Responsible AI and governance have become the most important topics in the AI market in 2019. According to my firm, CCS Insight's 2019 survey of senior IT decision-makers, for example, the level of transparency of how systems work and are trained and the ability of AI systems to ensure data security and privacy are now the two most important requirements when investing in AI and machine learning technology, cited by almost 50% of respondents. The survey also found that 43% of respondents list tools that support AI operations and lifecycle management as being the biggest current gap in the market for suppliers of AI platforms.
Microsoft’s push into these key arenas is ahead of several of its main competitors at the moment, but it must work harder to raise awareness of these capabilities if it is to lead the market in trusted AI.
Related Article: From the Lab to Real Life: Operationalizing AI and Data Analytics
Microsoft's Flywheel Is Gathering Momentum
Ignite showcased the enviable "flywheel" effect occurring across Microsoft at the moment, as its tightly aligned cloud infrastructure, security and applications businesses continue to accelerate.

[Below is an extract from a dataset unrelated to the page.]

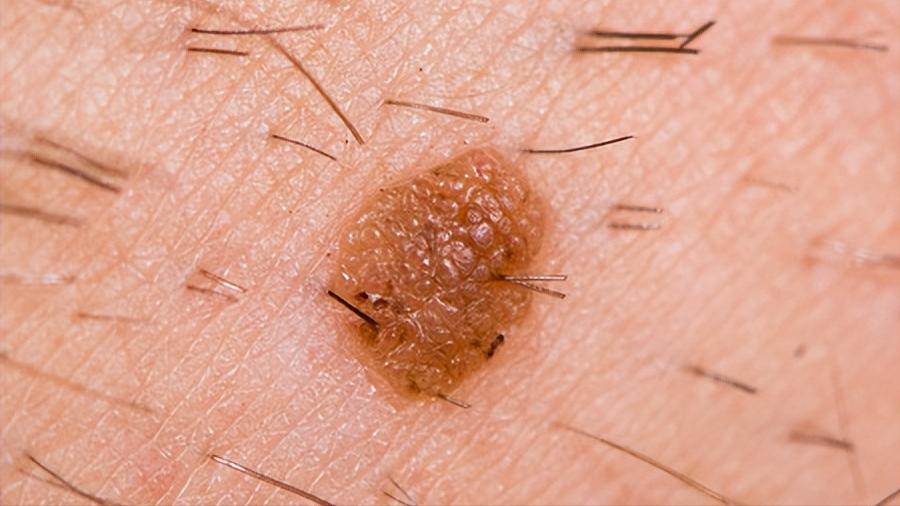 头皮上长红疙瘩脓包涂什么药膏,头皮上长红疙瘩脓包用什么药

At the center of this flywheel is AI. And although it may not have garnered as many of the headlines this year, altogether, Microsoft’s progress in data analytics, autonomous systems and responsible AI represent some of the event’s dark horse announcements in my view.
Microsoft is making ground against the competition, having reported in its first quarter earnings last month that 20,000 customers are now using Azure AI, including over 85% of the Fortune 100. This marked the first time the company shared its AI customer numbers.
At this point Microsoft needs to shout louder about its achievements — before the competition closes the gaps.